- _EXERCISE DESCRIPTION_
In the entries below, begin at the line with "Two young children" and stop after the line with "Elegant foyer featuring"; output those lines exactly and omit the pictures.

[[ SOURCE RECORDS, beginning ]]

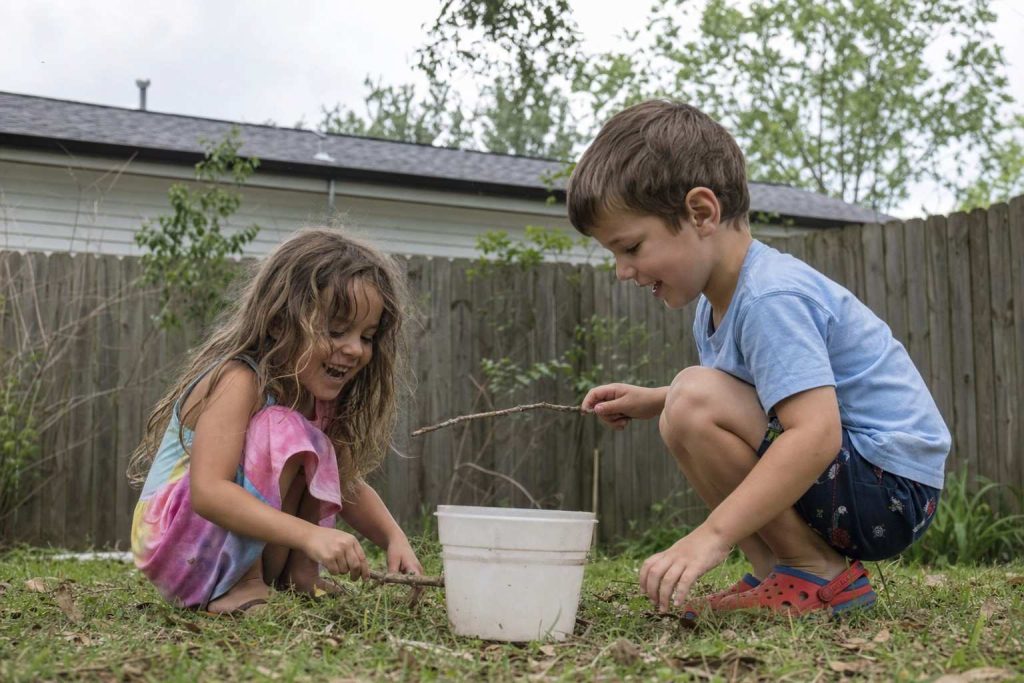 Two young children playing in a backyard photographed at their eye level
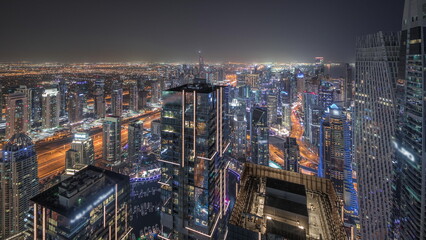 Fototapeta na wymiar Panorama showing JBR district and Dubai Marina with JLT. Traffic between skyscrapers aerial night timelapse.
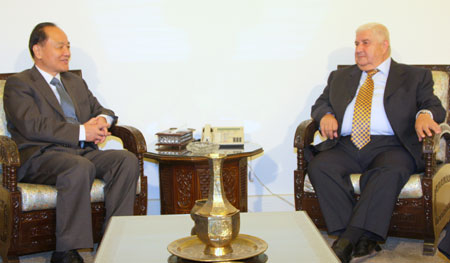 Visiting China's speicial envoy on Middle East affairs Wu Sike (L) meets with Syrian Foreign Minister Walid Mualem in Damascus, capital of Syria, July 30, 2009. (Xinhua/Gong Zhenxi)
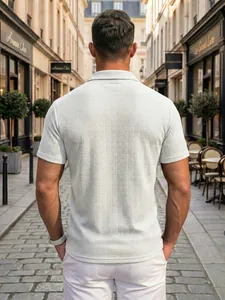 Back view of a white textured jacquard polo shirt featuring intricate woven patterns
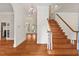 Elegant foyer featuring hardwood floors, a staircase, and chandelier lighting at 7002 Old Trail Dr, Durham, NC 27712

[[ SOURCE RECORDS, end ]]
[[ SOURCE RECORDS, beginning ]]

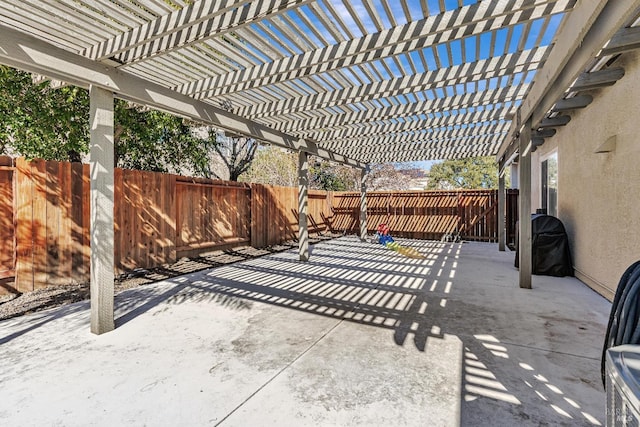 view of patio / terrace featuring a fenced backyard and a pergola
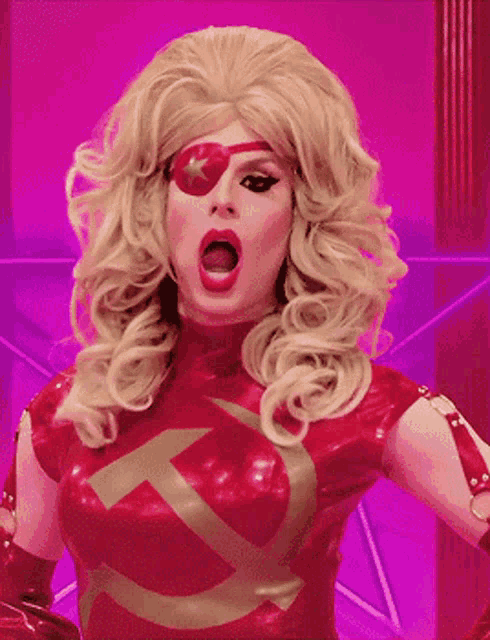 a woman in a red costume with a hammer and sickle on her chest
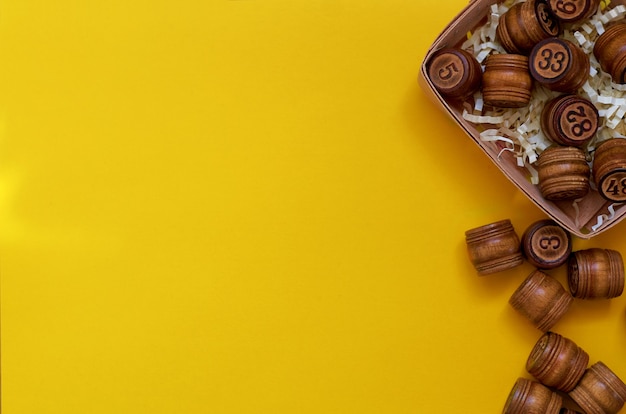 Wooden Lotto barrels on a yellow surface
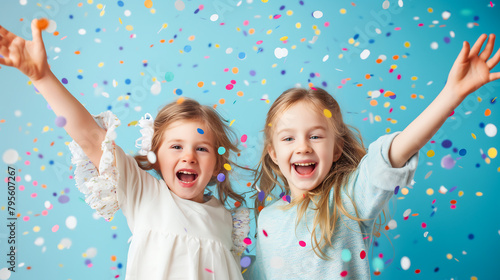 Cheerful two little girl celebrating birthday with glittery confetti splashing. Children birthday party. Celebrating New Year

[[ SOURCE RECORDS, end ]]

- _ANSWER AREA_
 Two young children playing in a backyard photographed at their eye level
 Fototapeta na wymiar Panorama showing JBR district and Dubai Marina with JLT. Traffic between skyscrapers aerial night timelapse.
 Visiting China's speicial envoy on Middle East affairs Wu Sike (L) meets with Syrian Foreign Minister Walid Mualem in Damascus, capital of Syria, July 30, 2009. (Xinhua/Gong Zhenxi)
 Back view of a white textured jacquard polo shirt featuring intricate woven patterns
 Elegant foyer featuring hardwood floors, a staircase, and chandelier lighting at 7002 Old Trail Dr, Durham, NC 27712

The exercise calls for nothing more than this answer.